- _DATA EXCERPT_

┄┄┄┄┄┄

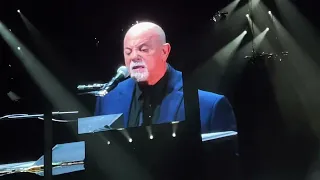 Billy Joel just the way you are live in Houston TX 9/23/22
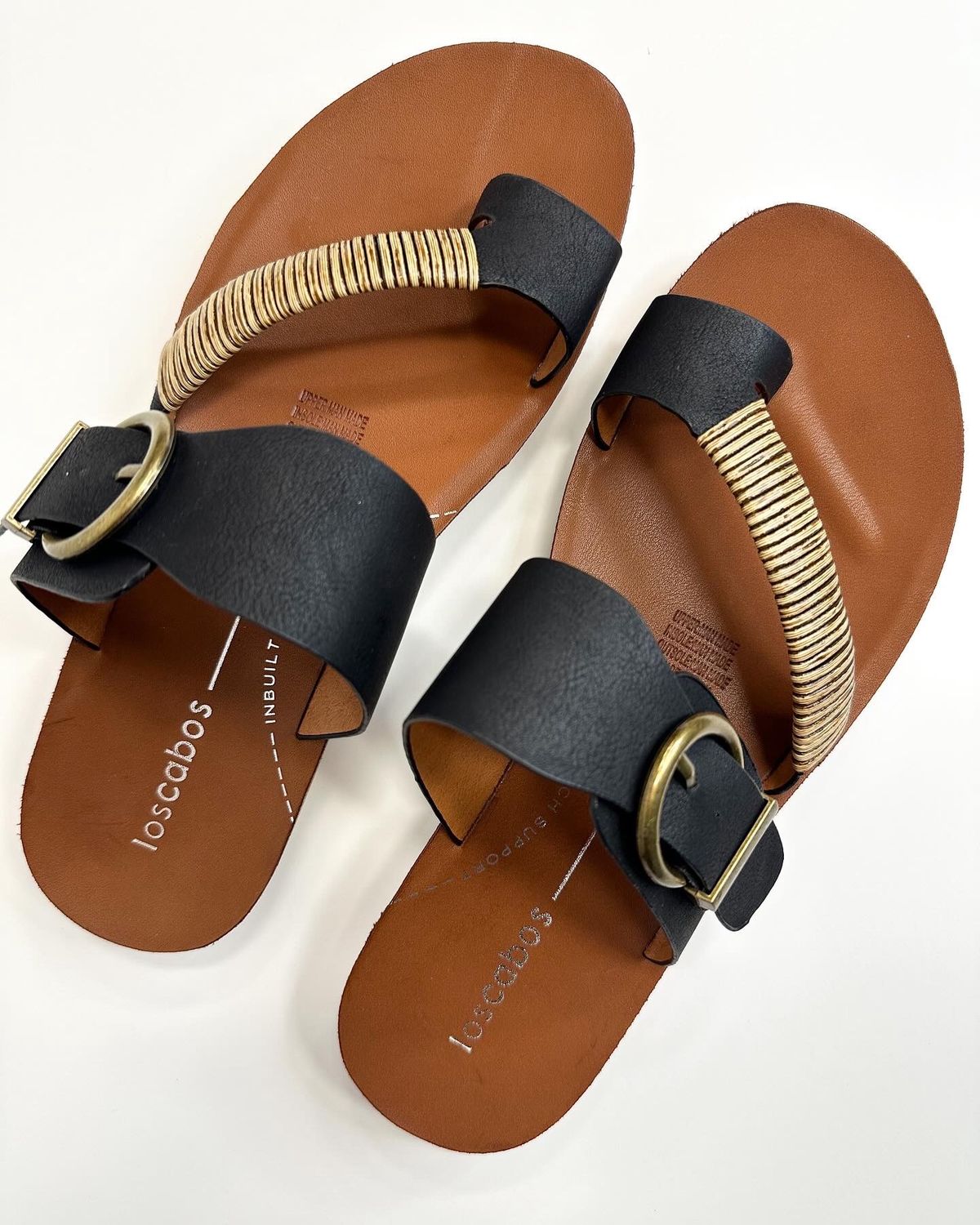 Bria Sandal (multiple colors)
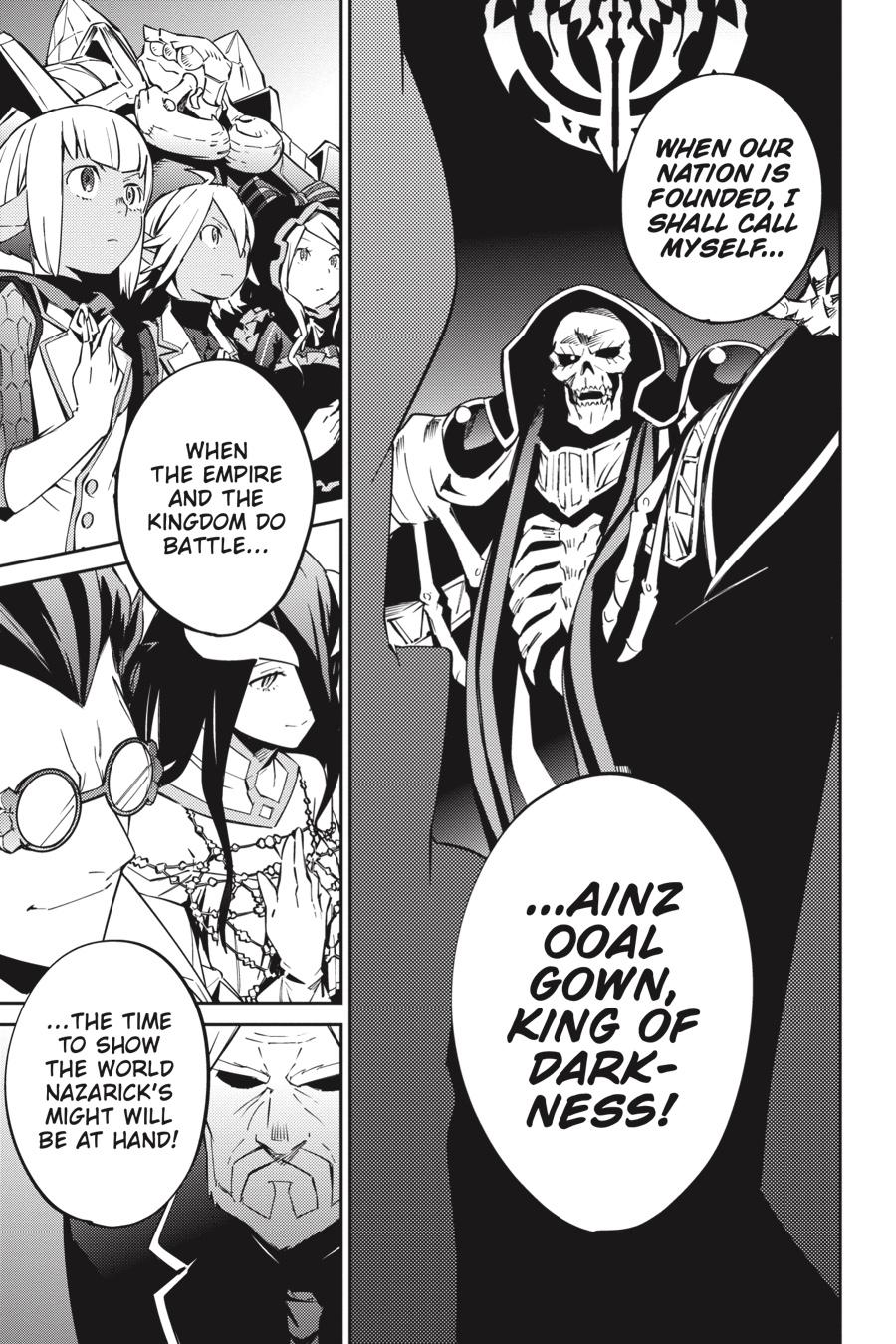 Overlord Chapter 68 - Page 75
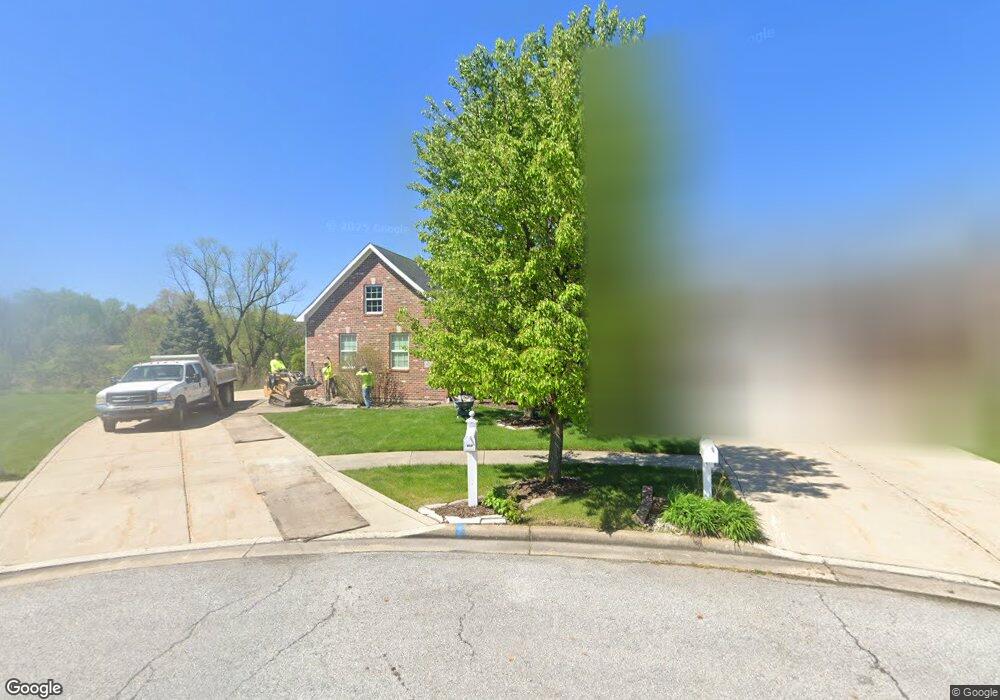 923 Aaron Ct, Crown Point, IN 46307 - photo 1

┄┄┄┄┄┄

- _ABOUT THIS EXERCISE_
Copy the whole listing above word for word but do not carry over the pictures.

- _SOLUTION TO THIS EXERCISE_
 Billy Joel just the way you are live in Houston TX 9/23/22
 Bria Sandal (multiple colors)
 Overlord Chapter 68 - Page 75
 923 Aaron Ct, Crown Point, IN 46307 - photo 1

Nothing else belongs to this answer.